• [Work to complete] An exact transcription of the data below, complete and unaltered, is the expected answer.

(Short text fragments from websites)

────

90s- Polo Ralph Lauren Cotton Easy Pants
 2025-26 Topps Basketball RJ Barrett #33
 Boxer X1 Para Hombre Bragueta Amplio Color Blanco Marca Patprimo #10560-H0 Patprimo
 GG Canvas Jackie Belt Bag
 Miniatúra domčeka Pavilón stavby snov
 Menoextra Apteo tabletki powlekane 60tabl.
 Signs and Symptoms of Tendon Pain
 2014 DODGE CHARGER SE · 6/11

────

• [Worked solution]
90s- Polo Ralph Lauren Cotton Easy Pants
 2025-26 Topps Basketball RJ Barrett #33
 Boxer X1 Para Hombre Bragueta Amplio Color Blanco Marca Patprimo #10560-H0 Patprimo
 GG Canvas Jackie Belt Bag
 Miniatúra domčeka Pavilón stavby snov
 Menoextra Apteo tabletki powlekane 60tabl.
 Signs and Symptoms of Tendon Pain
 2014 DODGE CHARGER SE · 6/11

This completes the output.